An outage and IT error on Tuesday, January 24, at the New York Stock Exchange caused thousands of trades to be canceled and huge swings in blue-chip stocks.

The problem was blamed on human error, with an NYSE employee failing to properly shut down a disaster recovery system.

Wall Street Stock Exchange NYSE stock market
– Sebastian Moss

The issue led to 84 major stocks seeing their valuation drastically drop or grow, until they hit limits designed to stop securities from trading at extreme prices.

81 stocks had short-selling restrictions applied due to the glitch, with Morgan Stanley and Snap impacted.

The day after the incident, the exchange said it would have to cancel more than 4,300 trades in 251 different stocks.

The NYSE blamed the issue on a manual error with its disaster recovery configuration.

The Business Times reports that the system connecting to the Chicago-based backup data center is meant to be manually turned on and off when the market closes.
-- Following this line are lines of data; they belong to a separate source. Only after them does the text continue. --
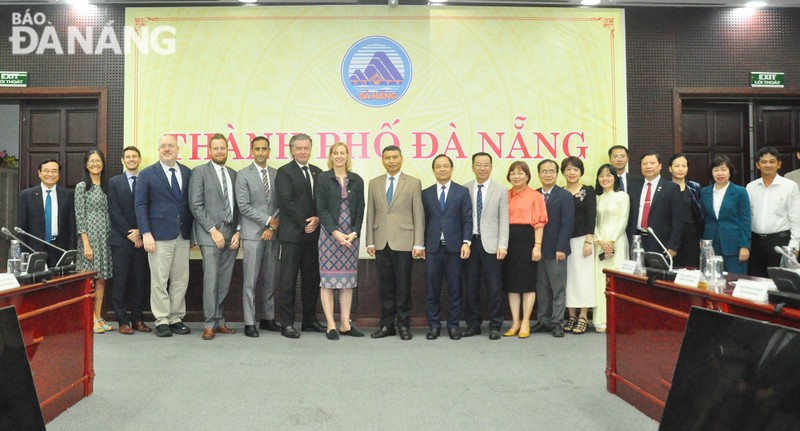 Participantes en el evento. (Foto:baodanang.vn)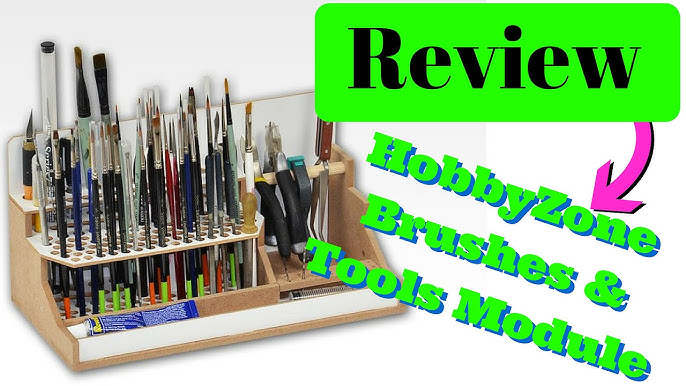 Paint Brush Holder, Paint Brush Rack, Hobby Tool Holder, Hobby Tool Rack 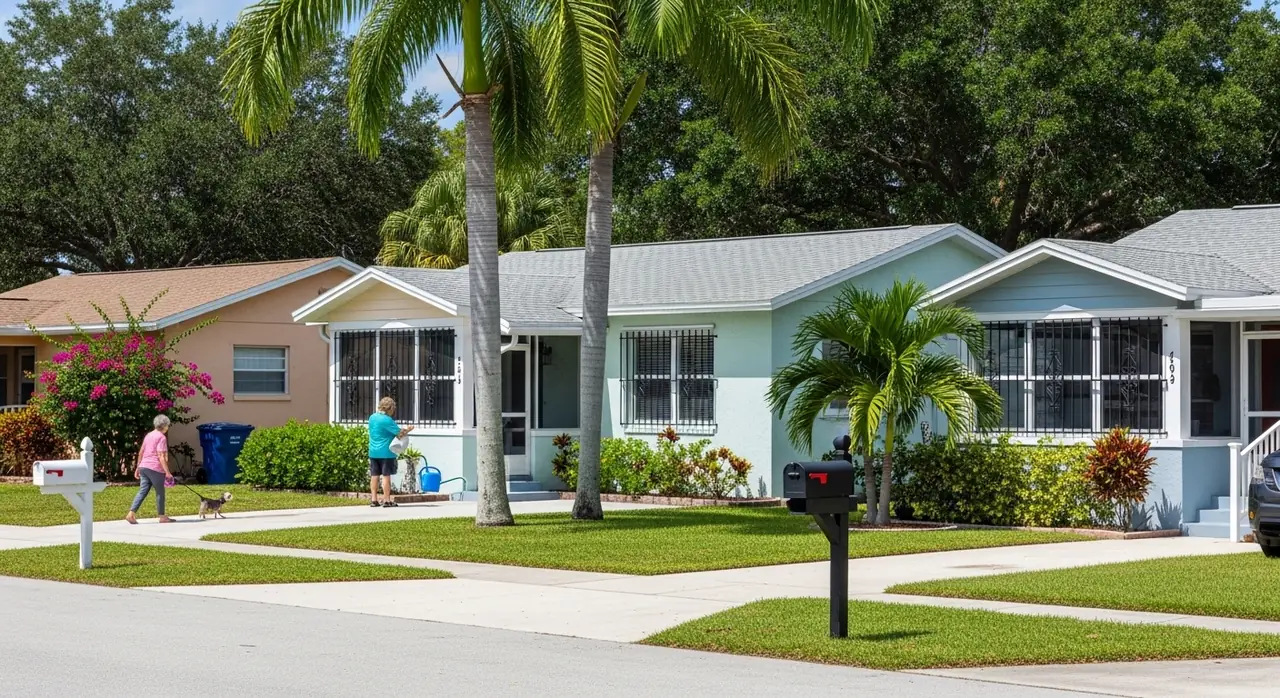 florida ranch securittrunc jpeg — residential setting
But an employee failed to turn it off properly, leaving the backup system running. At 9:30am, the system skipped the day’s opening auctions that set prices and caused turmoil.

The Securities and Exchange Commission is looking into the incident. It introduced rules in 2014 that gives it the power to punish exchanges for technological mishaps.

Four years later, the NYSE became the first exchange to be fined under the new rules.